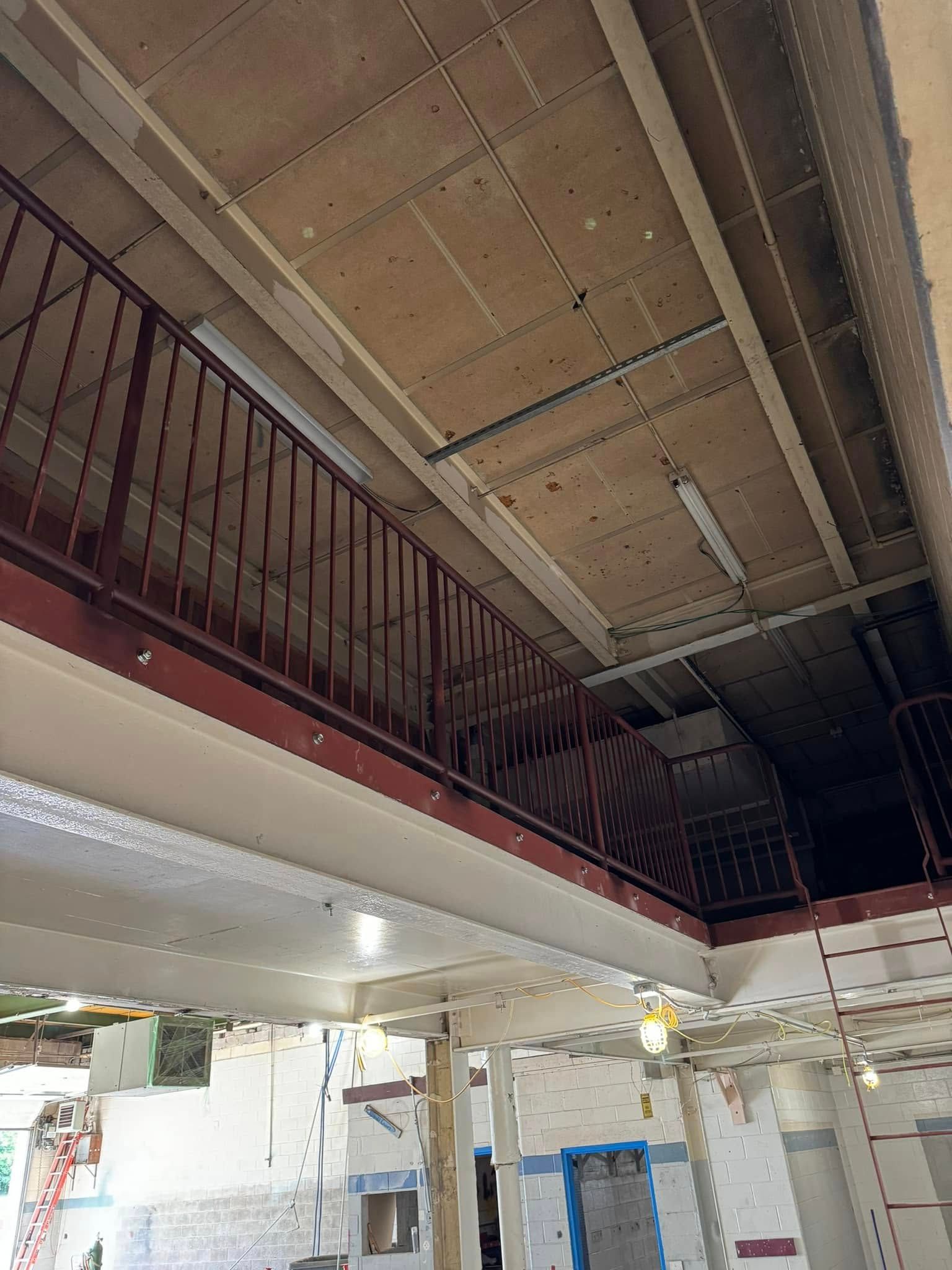 Interior shot of building under renovation; second-floor railing, exposed ceiling, unfinished walls.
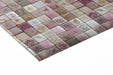 Modern kitchen design with a warm, textured mosaic tile look on the feature wall near a dining table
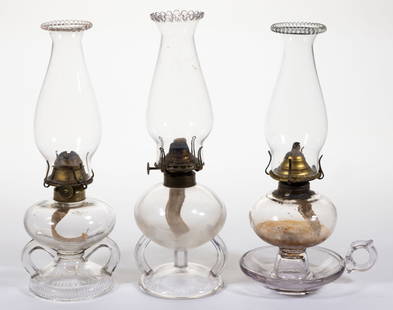 ASSORTED PATTERNED KEROSENE FOOTED FINGER LAMPS, LOT OF THREE: ASSORTED PATTERNED KEROSENE FOOTED FINGER LAMPS, LOT OF THREE, colorless, comprising two Ripley examples with double handles, undersides of foot with prism patterns, one example with a stippled square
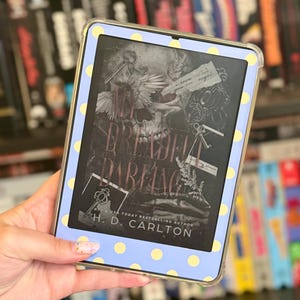 May include: A digital e-reader featuring a light blue protective case with yellow polka dots. The screen displays the book cover for "Dreadful Darling" by H. D. Carlton, which features a skull, keys, and wings in a dark, gothic-inspired illustration.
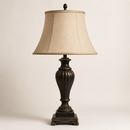 Decorative table lamp with a beige shade on a plain background
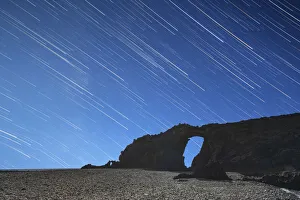 Startrail over the natural stone arch Arco del Jurado at Pena Horadada beach Startrail over the natural stone arch Arco del Jurado at Pena Horadada beach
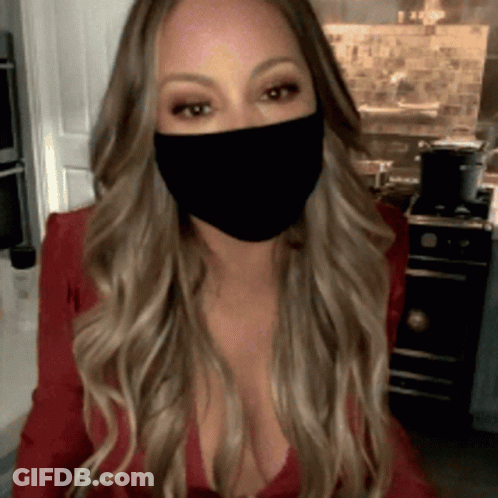 A Woman Wearing A Black Face Mask Is Sitting In A Kitchen GIF
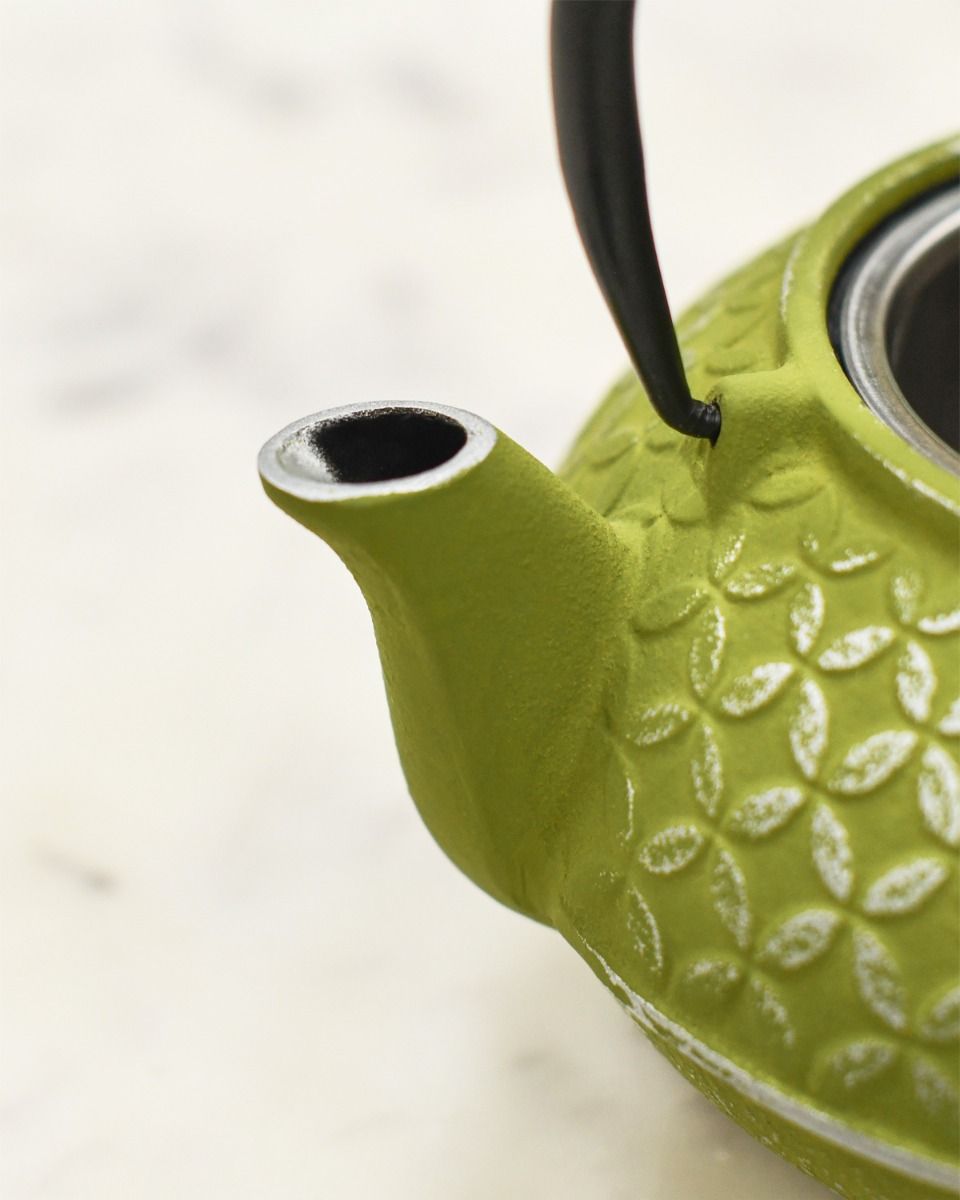 Close up of Green and Embossed Silver Teapot Spout 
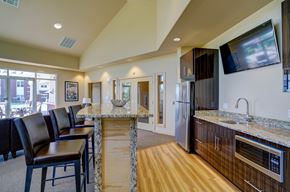 Sun Prairie apartment for rent - a kitchen with granite counter tops and a bar with chairs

□ □ □

TASK INSTRUCTIONS: Each line from the top of the material through the line containing "Modern kitchen design" should be reproduced exactly; please drop any images.

RESULT:
 Interior shot of building under renovation; second-floor railing, exposed ceiling, unfinished walls.
 Modern kitchen design with a warm, textured mosaic tile look on the feature wall near a dining table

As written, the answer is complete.